China... Station In Space Scheduled


[SatNews] China said Wednesday it plans to complete a manned space station around 2020, as the Asian nation pushes ahead with its ambitious space exploration program.


Artistic rendition of a proposed Chinese space station, courtesy of the Chinese Society of Astronautics
China's Manned Space Engineering Project announced in a statement that it expected to launch a space laboratory before 2016 to study key technology involved in a space station, such as living conditions for astronauts. The country would then develop and launch a core cabin and a second laboratory module around 2020, which would be assembled in orbit into a space station, it added. The station would study technologies involved in long-term manned space flights, the statement said.

China had already announced plans to launch two unmanned modules next year, which are expected to undergo the nation's first space docking — an essential step towards building the space station.
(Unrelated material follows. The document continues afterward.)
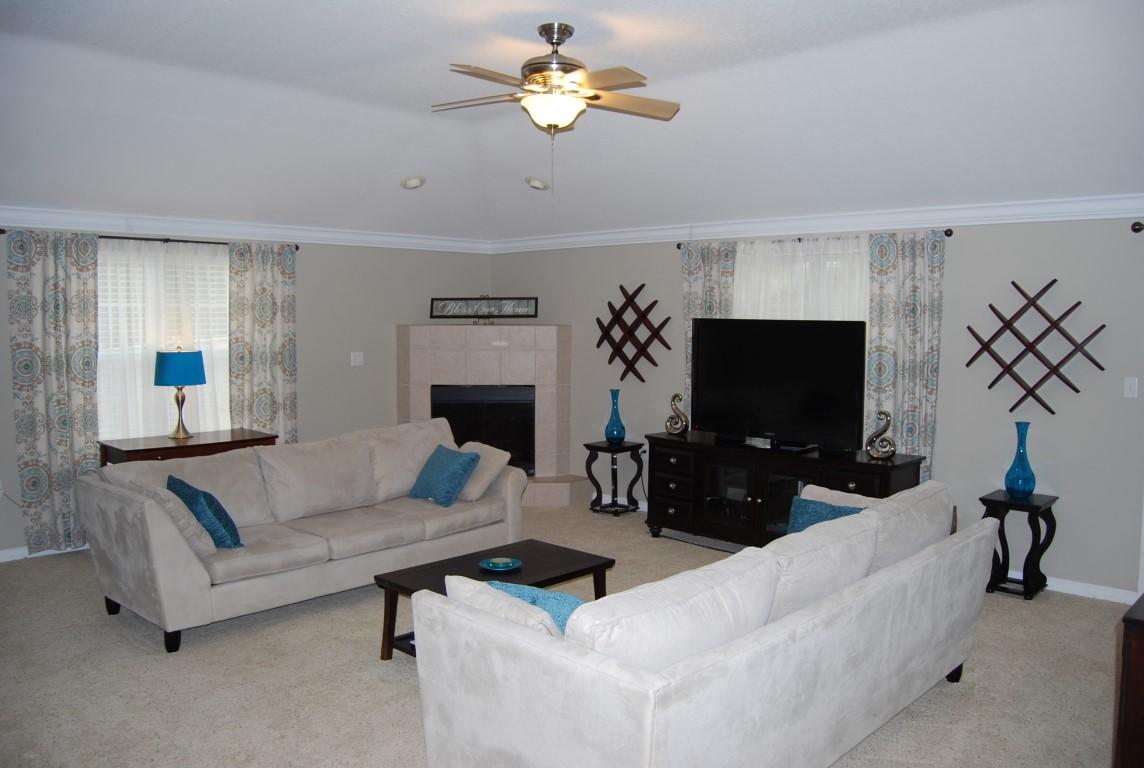 SUMMER PLACE - Residential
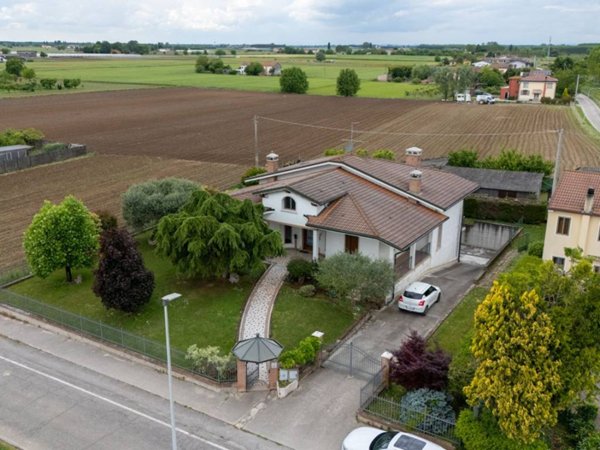 casa indipendente in vendita a Nogara in zona Montalto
These steps are all part of the nation's ambitious space exploration program, which experts say it wants to put on a par with those of the United States and Russia. China sees the program as a symbol of its global stature, growing technical expertise, and the Communist Party's success in turning around the fortunes of the formerly poverty-stricken nation. The nation became only the third in the world to put a man in space independently — after the United States and Russia — when Yang Liwei piloted the one-man Shenzhou-5 space mission in 2003. And in September 2008, the Shenzhou-7, piloted by three astronauts, carried out China's first space walk.

China has also made strides in lunar exploration, aiming to become the second country to put a man on the moon. It launched its second lunar probe on October 1, hopes to bring a moon rock sample back to Earth in 2017, and has planned a manned mission to the moon for around 2020, according to state media.